### TASK DESCRIPTION:
Every line of the records below from the line with "Flying Music Notes" up to and including the line with "Low Fade with" must be reproduced exactly, and no line outside that range.

** SUPPLIED INFORMATION follows **

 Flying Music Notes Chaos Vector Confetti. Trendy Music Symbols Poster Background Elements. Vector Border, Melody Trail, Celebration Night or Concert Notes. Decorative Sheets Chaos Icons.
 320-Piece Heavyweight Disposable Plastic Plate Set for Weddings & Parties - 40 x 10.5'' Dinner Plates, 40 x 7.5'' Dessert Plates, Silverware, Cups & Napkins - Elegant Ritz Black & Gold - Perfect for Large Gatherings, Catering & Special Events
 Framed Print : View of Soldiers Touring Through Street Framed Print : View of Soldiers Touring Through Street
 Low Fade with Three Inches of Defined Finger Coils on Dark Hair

** End of SUPPLIED INFORMATION **
** SUPPLIED INFORMATION follows **

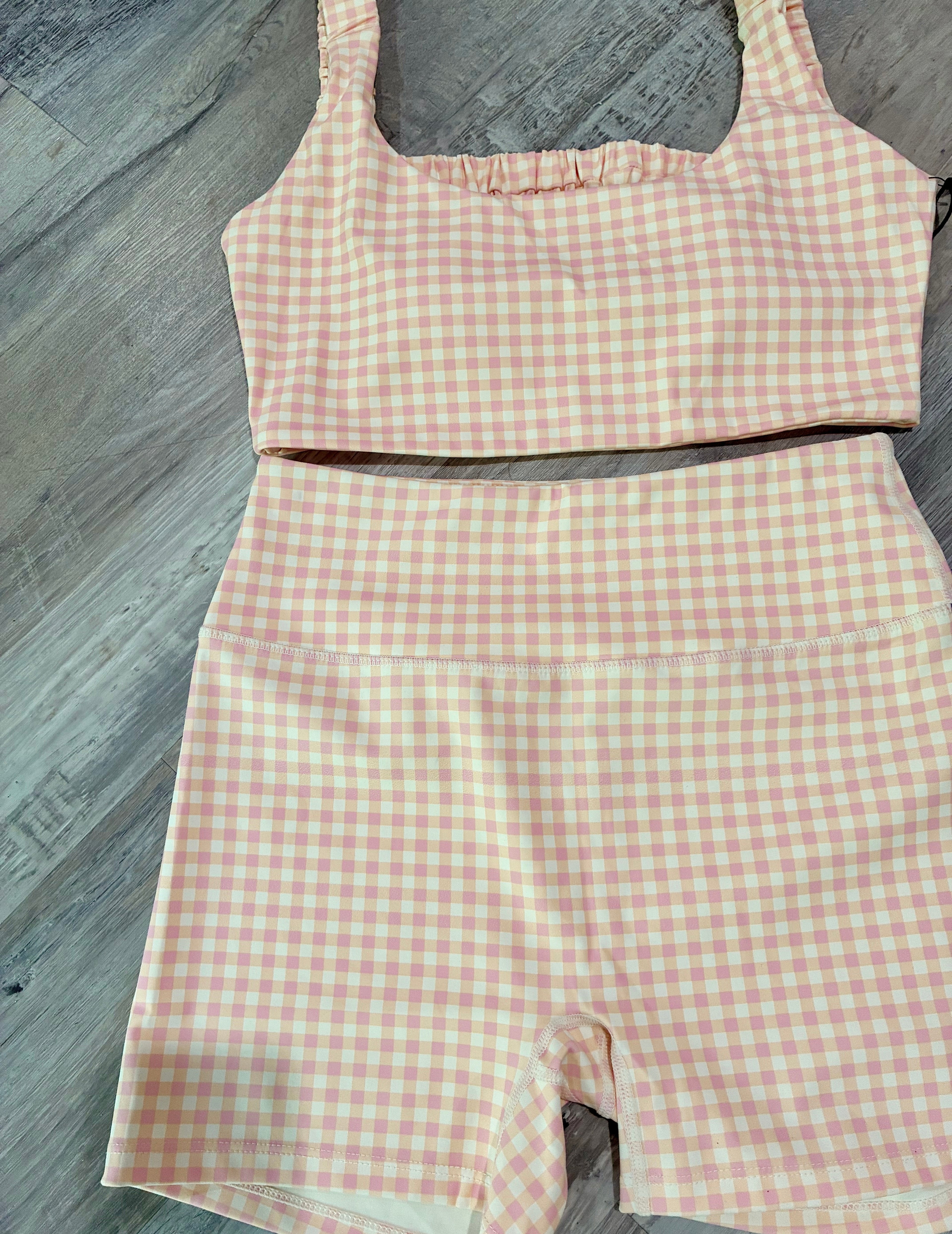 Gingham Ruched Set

** End of SUPPLIED INFORMATION **

### EXERCISE RESPONSE:
 Flying Music Notes Chaos Vector Confetti. Trendy Music Symbols Poster Background Elements. Vector Border, Melody Trail, Celebration Night or Concert Notes. Decorative Sheets Chaos Icons.
 320-Piece Heavyweight Disposable Plastic Plate Set for Weddings & Parties - 40 x 10.5'' Dinner Plates, 40 x 7.5'' Dessert Plates, Silverware, Cups & Napkins - Elegant Ritz Black & Gold - Perfect for Large Gatherings, Catering & Special Events
 Framed Print : View of Soldiers Touring Through Street Framed Print : View of Soldiers Touring Through Street
 Low Fade with Three Inches of Defined Finger Coils on Dark Hair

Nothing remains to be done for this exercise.